Why rare failures matter for the assurance of embodied AI
How smarter testing and statistical certification can strengthen safety evidence
Embodied AI systems – such as autonomous vessels, drones, and robots – do not live in datasets or benchmarks. They move through the world, interact with uncertain environments, and make decisions that affect people, assets, and operations in real time.
In safety-critical domains, the issue is rarely whether a system works in the average case. Failures tend to hide in the ‘tails’: unusual combinations of initial conditions, sensor noise, or environmental states that rarely arise under nominal operation, but carry severe consequences when they do.
When failures are rare, standard testing can easily spend most of its budget on uneventful scenarios and still say very little about how likely failure really is. What matters for assurance is not simply how many scenarios we test, but whether testing produces meaningful, defensible evidence about how likely failure is under realistic operating conditions.
From ‘safe by design’ to ‘safe in reality’
In control engineering and robotics, one common way of reasoning about safety is to define a candidate safe operating envelope: a set of conditions that prevents the system from evolving into an unsafe state.
A challenge is that these sets are often computed using simplified models. Real systems are messier. Sensors are imperfect, disturbances are uncertain, and the safe set may need to be checked against a higher-fidelity simulator or other evaluation model that is black-box, proprietary, or otherwise difficult to model exactly. As a result, a region that looks safe on paper may still contain hidden pockets of failure.
This creates an assurance gap. A candidate safe set is useful, but it is not the same as evidence that failures are sufficiently unlikely under realistic uncertainty. To close that gap, we need methods that do more than sample blindly: methods that actively search for rare failures while still allowing us to make statistically valid statements about the operating conditions that matter in practice.
A three-stage workflow: find, target, certify
To address this challenge, the approach in our recent paper, ‘Importance Sampling for Statistical Certification of Viable Initial Sets’ 1, is built around three core steps: find the likely failure region, target it efficiently during testing, and then statistically certify the resulting failure probability.

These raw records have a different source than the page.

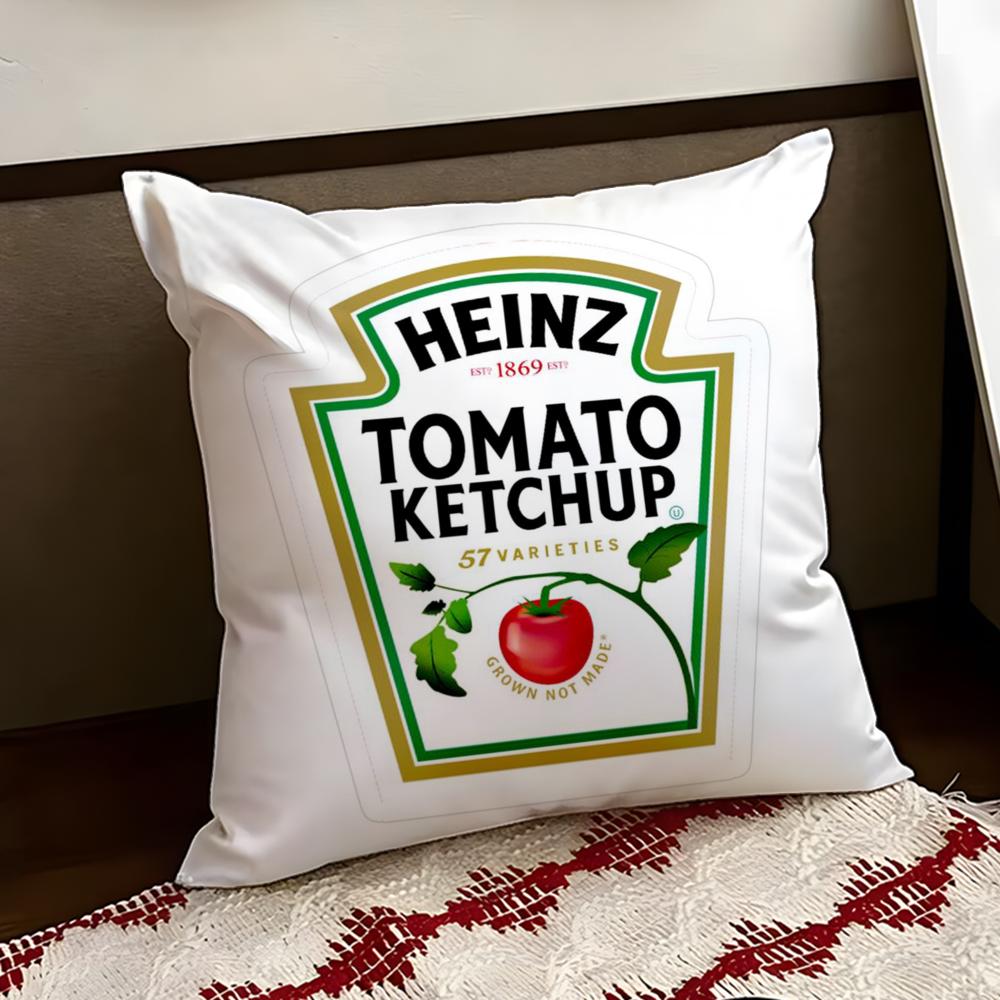Funny Ketchup Label Cushion Cover Reversible Soft Durable Pillow Cover Home Car MultiScene Use for Daily Comfort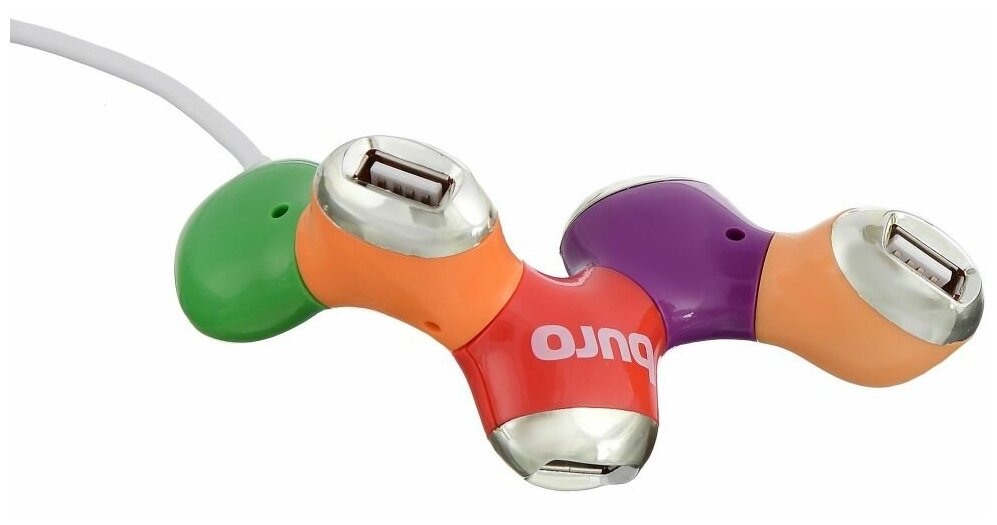 Разветвитель USB 20 Buro BU-HUB4-05-U20-Flower 4 порта разноцветный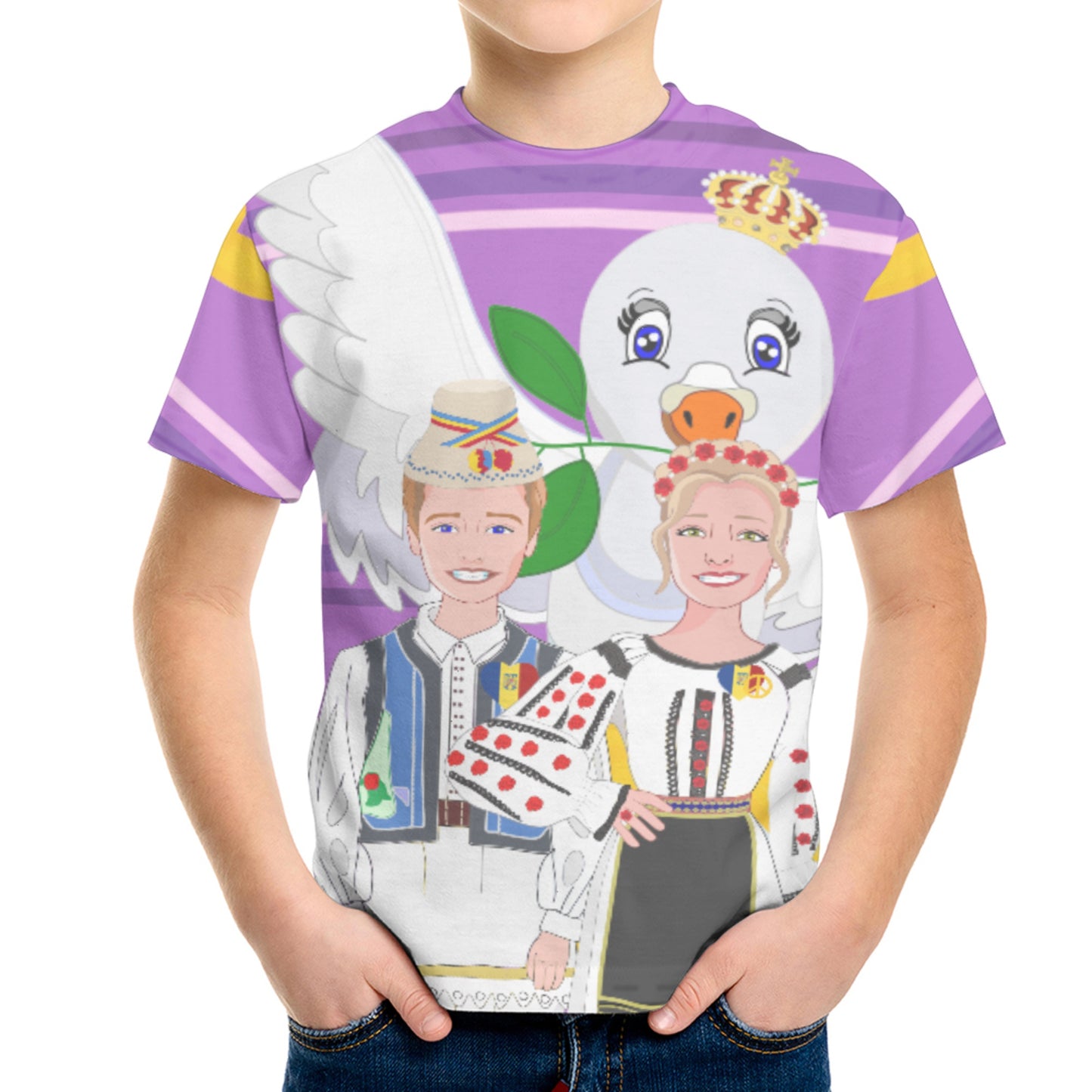 Kid´s T-shirt GLOBAL FREEDOM UNITED© Couple Romania Lilac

A simplified example to build intuition
The examples and interactive illustrations in this article are simplified, intuition-building examples. Their purpose is to show why rare failures are difficult to detect with ordinary sampling, and how surrogate-guided testing and importance sampling can improve the efficiency of failure-probability estimation and certification. The formal experiments in the paper go a step further: there, the objective is to certify candidate safe sets estimated using simplified models and then tested under more realistic dynamics and uncertainty.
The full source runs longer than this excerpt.